Things I learned this weekend from my trip through the Mid-Atlantic States:
- When pulling you over for speeding, Virginia cops will try to frighten you with their mysterious ways and silly hats, but if there’s a cute girl in the car, they’ll only give you a warning.
- Not only is Econolodge cheap, it is also ugly, uncomfortable, noisy, leaky, and the remote controls for the television don’t work.
- The Jersey Shore doesn’t quite stack up to Virgina Beach’s beach, but at least you won’t see Norfolk’s own Eric the Half-a-Turtle on Atlantic City sands. (On the beach in Norfolk we saw a rock with strange patterns. On further inspection, that is, by looking at the other side of the “rock,” we realized we were now looking at the front half of a turtle or tortoise that seemed to be missing its back half.)
- The Abbey Road Pub and Restaurant has a Beatles imitation band that performs occasionally. According to our waitress, “they’re awful.” The food was good however, so if you’re in town, make sure you go, but avoid 9:30 on Friday nights.
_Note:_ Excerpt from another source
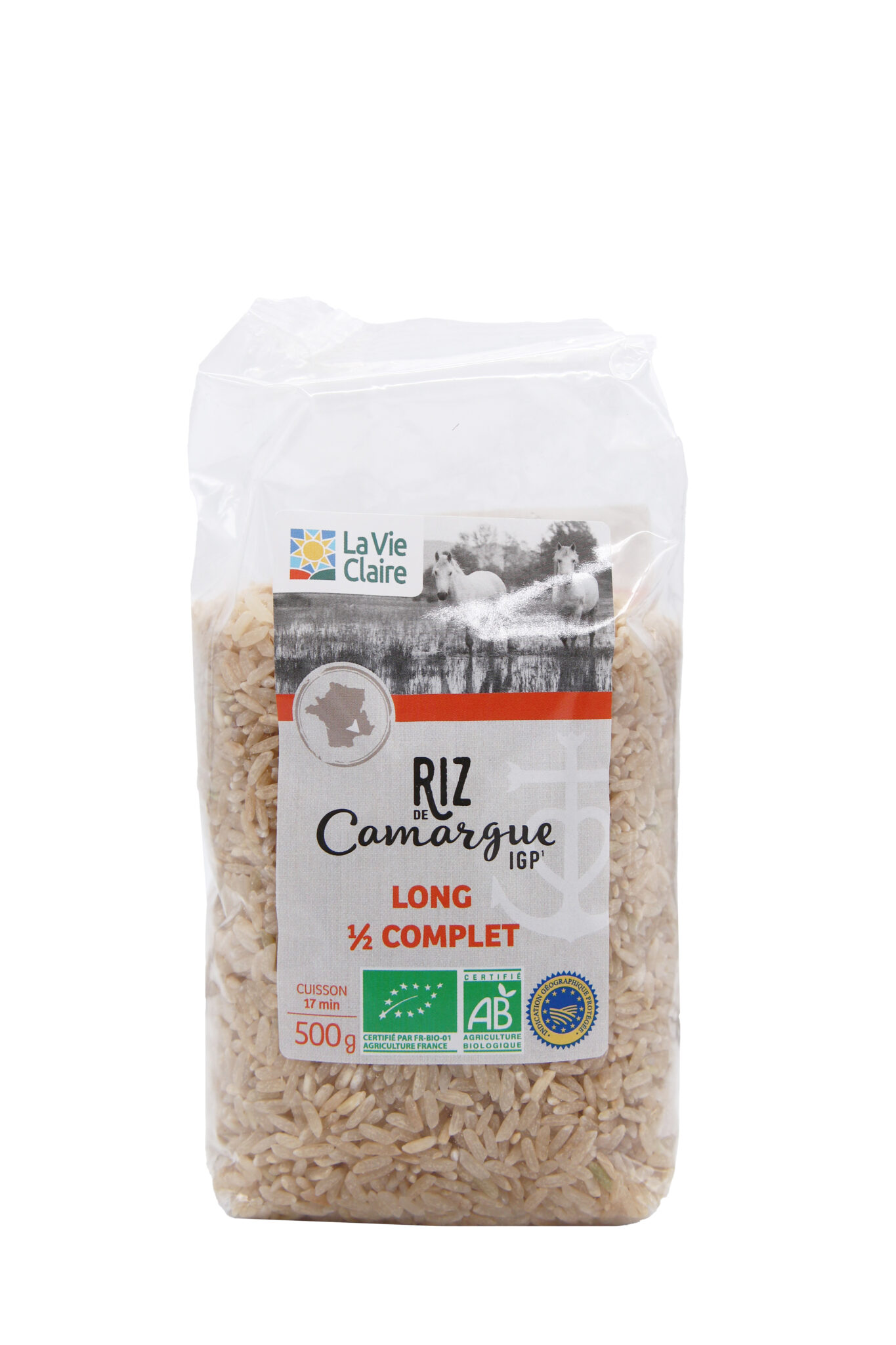 Riz de Camargue IGP long semi complet bio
- From what I am told, you should not sit in the sand if you are wearing a women’s bathingsuit. The suits are designed in such a way that a pocket is formed around the crotch. This pocket will collect sand and when you stand up it will spill all over you. No, I do not know this from first-hand experience. Only from word of mouth. And if you’re trying to read into the fact that I used the words “crotch,” “hand” and “mouth” within close proximity, stop. You have a dirty mind. An’ Mama don’ allow that ‘roun’ here.
She also don’t allow no squeeze box playing.
That’s a shame about the EconoLodge thing, since I just booked a reservation at one for this weekend. Hopefully they’re not ALL bad….
I don’t know, Darren. We stayed at two, and they were both bad….
giggle.
🙁
Ok, well… look. I’m probably more high maintenance than most people when it comes to things like that. You can either hope it’s better than ours were, or you can find another hotel and cancel this one. Most hotels let you cancel up until a certain time with no penalty.
I’ll take my chances. I’m just looking for a bed to sleep in, anyway. Most of the rest of my time won’t be spent there, and I’d rather spend my money on fun stuff OUTSIDE of the hotel room, I think. 🙂
where are you going?
Ummmm…..I dunno. 😉
Grumble. I’m still picturing Eric the half a turtle in my head. Thanks, Spike.